# 8. Unsupervised Learning

In this section we will start working with **unsupervised** algorithms, which work with unlabeled data. 

A good example is **clustering**, where we look for _groups_ (clusters) in the data. Here is our first clustering algorithm: 

### K-means algorithm

The K-means algorithm is by far the most popular and widely used (_at the time of the video_) clustering algorithm. 

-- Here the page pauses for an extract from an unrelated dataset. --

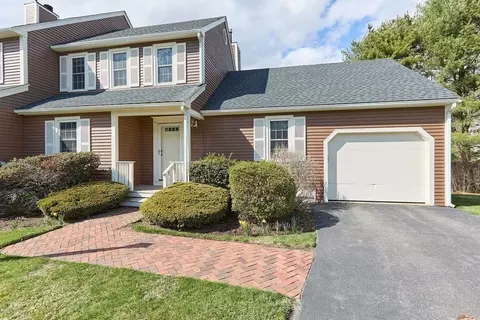 73 Cliff Dr #B, Taunton, MA 02780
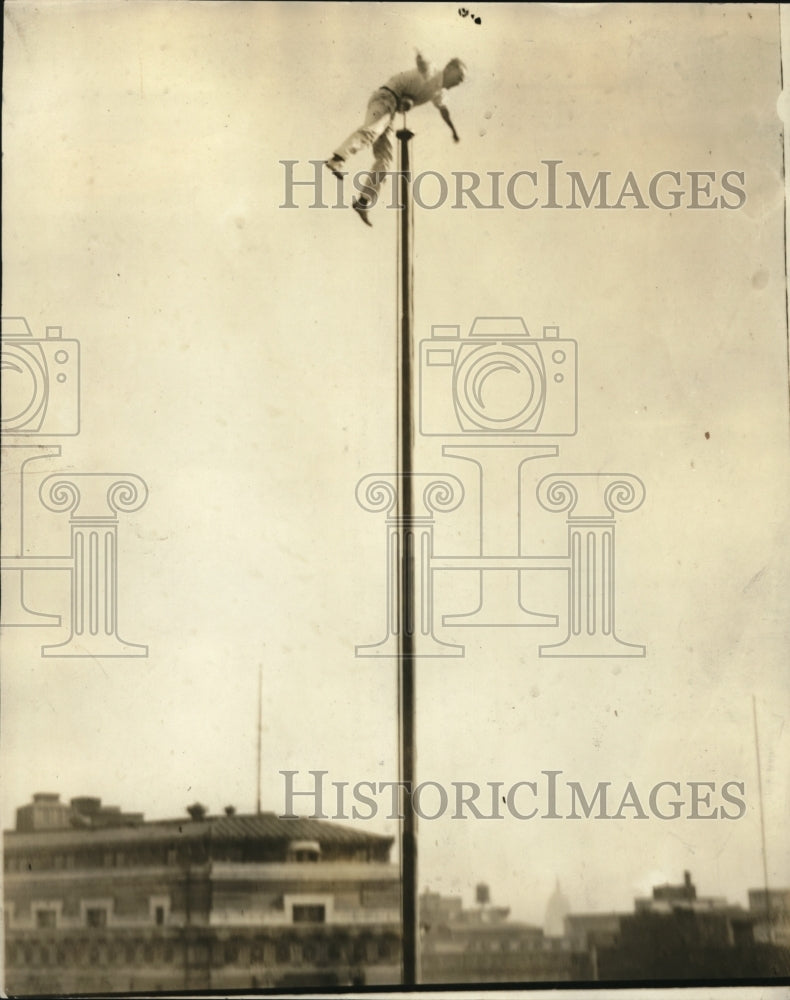 1924 Press Photo John Reynolds known as Human Fly on pole of Times Herald bldg - Historic Images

Assuming I want to find $n$ clusters from my dataset, our algorithm will: 

1. Initialize two random $n$ points (**clusters centroids**)
2. Assign all points to one of the $n$ clusters
3. Move the centroids to the **average** of the new clusters
4. Rinse and repeat

Notation:

* $K$ = number of clusters 
* $c^{(i)}$ = cluster centroid $i$
* $x^{(i)}$ = center of cluster $i$
* $\mu_k$ = average of points assigned to cluster $k$

### Optimization objective

Like the previous algorithms we have seen, K-means has its own minimization function. Understanding it will be useful for two reasons:

* Debugging / checking that everything runs properly
* Avoiding to end up in local minima

Using the notation introduce above, our optimization objective is:

$J(c^{(1)}, \ldots, c^{(m)}, \mu_1, \ldots , \mu_k) = \frac{1}{m} \sum_{i=1}^m ||x^{(i)} - \mu_{c^{(i)}}||^2$

### Random initialization

The most effective method is picking $K$ distinct random training examples and assign them as our first centroids. 

This works especially well if we initialize randomly multiple times. 

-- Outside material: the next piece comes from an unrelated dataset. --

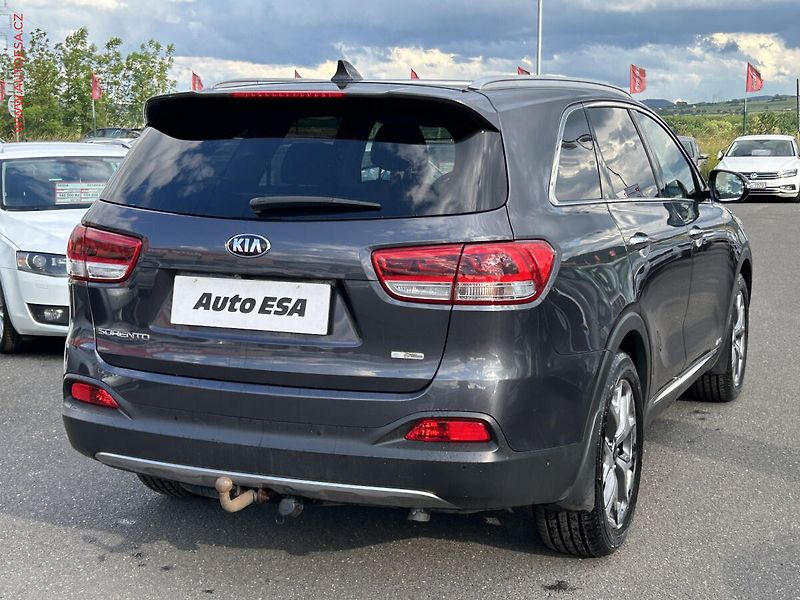 Kia Sorento (2019) 2.2 CRDI 4x4, AT, kůže - fotka 4 z 20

### Choosing the number of clusters

Although choosing a number of clusters can feel somehow arbitrary, a method often implemented is the _elbow method_, which plots the variation of $J$ (cost function) as a function of $K$ (n. of clusters) and looks for an "elbow" (sudden variation in slope of the curve). 

Unfortunately, often the elbow is not that clear and can be hard to choose, making the method not particularly more helpful than chance. 

# Dimensionality Reduction

The first motivation behind dimensionality reduction is **data compression**.

In an example of 3D data, we can represent the points in our 3D coordinates by projecting them on a 2D plane. By doing so, we can represent almost the same data using two dimensions instead of three.  

The second is **visualization**, which can obviously be very challenging for datasets with large number of features. 

### Principal Component Analysis (PCA)

Let's now introduce a dimensionality reduction algorithm: Principal Component Analysis (PCA).  
PCA finds directions (vectors) onto which to project the data so as to minimize the projection error.   

**Note**: PCA is different from LR. In PCA, we are minimizing the distance from the vector, while in LR we are miniming the error in predicting y from x.  

PCA algorithm (in words):

1. Preprocessing (feature scaling / mean normalization)   
1A. Mean = $\mu_j = \frac{1}{m} \sum_{i=1}^m x_j^{(i)}$  
1B. Replace $x_j^{(i)}$ with $\mu_j - x_j^{(i)}$
1C. If different scales, we can standardize using standard deviation

2. Compute covariance matrix  $ \Sigma = \frac{1}{m} \sum_{i=1}^n (x^{(i)})(x^{(i)})^T$  
Compute _eigenvectors_ of matrix $\Sigma$ using svd (Single Value Decomposition)

3. $\text{U_reduce}$ = first $k$ (target dimension) vectors of matrix $U$ 

4. $z = \text{U_reduce} ^T \cdot x$

PCA algorithm (in `Octave`):

1. Preprocessing (feature scaling / mean normalization) 
1A. `mean = 1/m * sum(X)`  
1B. `X = (X-mean) / st_dev`  

2. `Sigma = (1/m) * X' * X;`  
`[U, S, V] = svd(Sigma);`  

3. `U_reduce = U(:, 1:k);` 

4. `z = U_reduce' * x;`

Starting from the compressed representation, we can go back to the original state (reconstruction) by:

`x_approx = U_reduce * z`

#### Choosing the number of principal components 

How do we decide to how many dimensions reduce our original dataset ($k$)?

Generally, a good rile of thumb is choosing $k$ (n. of principal components) so that:

$\displaystyle \frac{\text {Average squared projection error}}{\text {Total variation of the data}} = \displaystyle \frac {\frac{1}{m} \sum_{i=1}^m || x^{(i)}) - (x^{(i)}_{approx} || ^2} { \frac{1}{m} \sum_{i=1}^m || x^{(i)})||^2} \le 0.01$ 

This ensures that _at least_ 99% of the variance of the data is retained. 

**Note** = instead of trying tentatively, we can use the parameter $S$ returned by the `Sigma` function above. 

It can proved in fact that $ \frac {\frac{1}{m} \sum_{i=1}^m || x^{(i)}) - (x^{(i)}_{approx} || ^2} { \frac{1}{m} \sum_{i=1}^m || x^{(i)})||^2 } = 1 - \frac{ \sum ^k _{i=i} S_{ii}}{\sum ^n _{i=i} S_{ii}} $

so we can simply choose what makes $ \displaystyle \frac{ \sum ^k _{i=i} S_{ii}}{\sum ^n _{i=i} S_{ii}} \ge 0.99 $ 

#### Advice for applying PCA

A simple step-by-step implementation could be:

1. Extract input from dataset (unlabeled dataset)  

2. Reduce them using PCA  # only to training set

3. Feed this new data to our classifier

4. Test on test set